To a question on Britain’s legacy on India’s education, Tharoor said it was “unfortunate” that Shakespeare was taught in schools and colleges in India whereas there was not enough emphasis on the teaching of Kalidasa.
Tharoor was in conversation with historian John Wilson and publisher Michael Dwyer at a session on ‘Remembering the Raj’. The panel delved into Tharoor’s recent book, ‘An Era of Darkness: The British Empire in India’.
To a rapturous applause, he said in his opening remarks that when the British came here, India was a prosperous country and over 200 years of British rules reduced it to the poorest country in the world.

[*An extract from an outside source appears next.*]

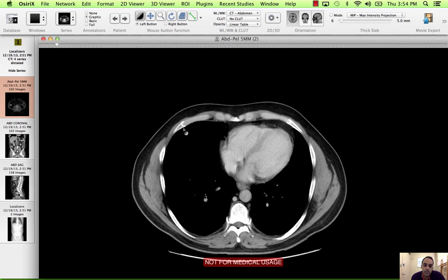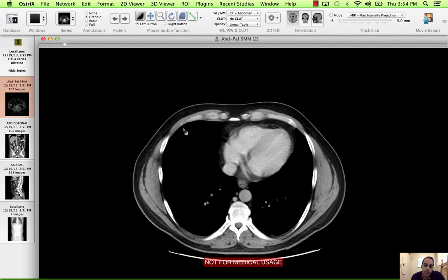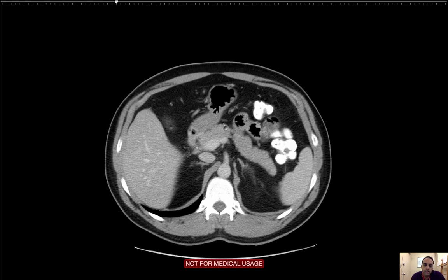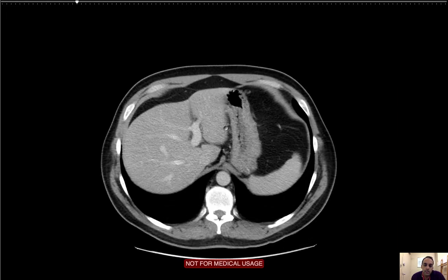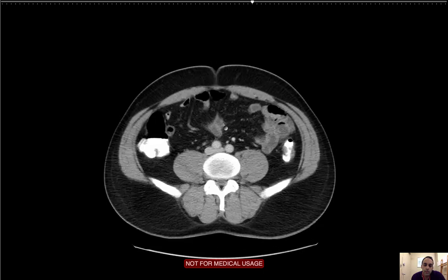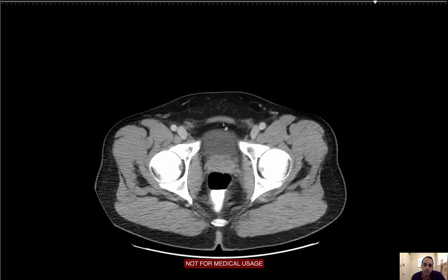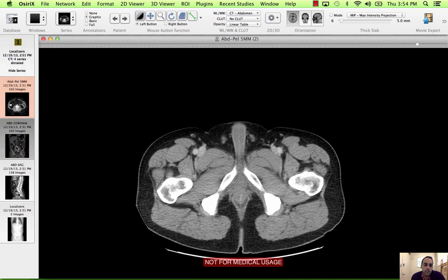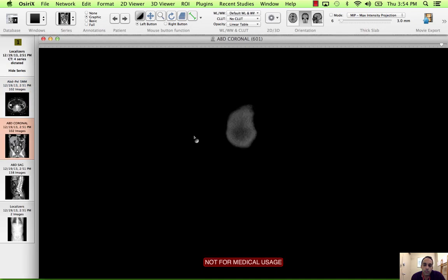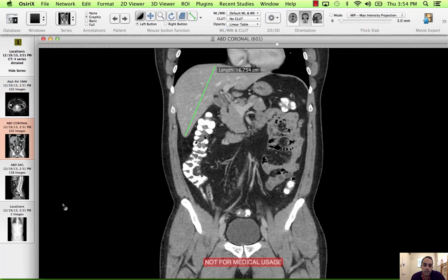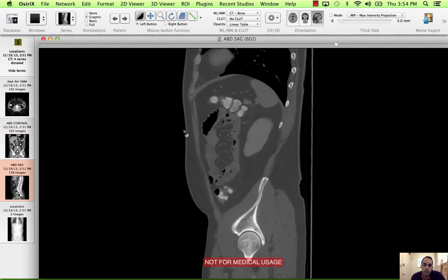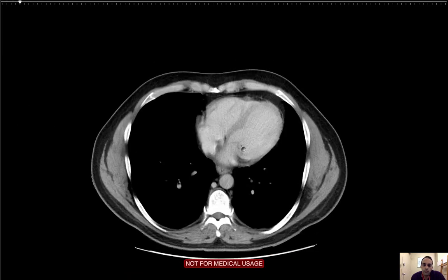First, I'm just going to say history, which is abdominal pain, then the technique. I can describe this as contiguous axial CT images of the abdomen pelvis from the lung bases to the pubic symphysis. I have coronal and sagittal reformats available for review. I'm going to go ahead and start with the axials, beginning with the lungs.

He slammed Britons and those who cite the civilising mission of the colonials to justify imperialism, saying that “you don’t have to be colonised to get the railways”.
The British rule was not intended for benefiting Indians with railways, English language, cricket and political democracy, but it was brought here to serve British interests.
“During the British Raj, India was the easiest place in the world for an untalented Englishman to thrive.
“Over 35 million Indians died unnecessary deaths because of British policy and (Winston) Churchill, who is often held up as a democratic ideal by the apologists of the Empire, was on record denying financial assistance to starving Bengalis during the Great Bengal Famine. In fact, the famine camps were given less provision than those in the Buchenwald concentration camp,” he said. He, however, said that it was important to forgive “what we went through but equally important not to forget it”.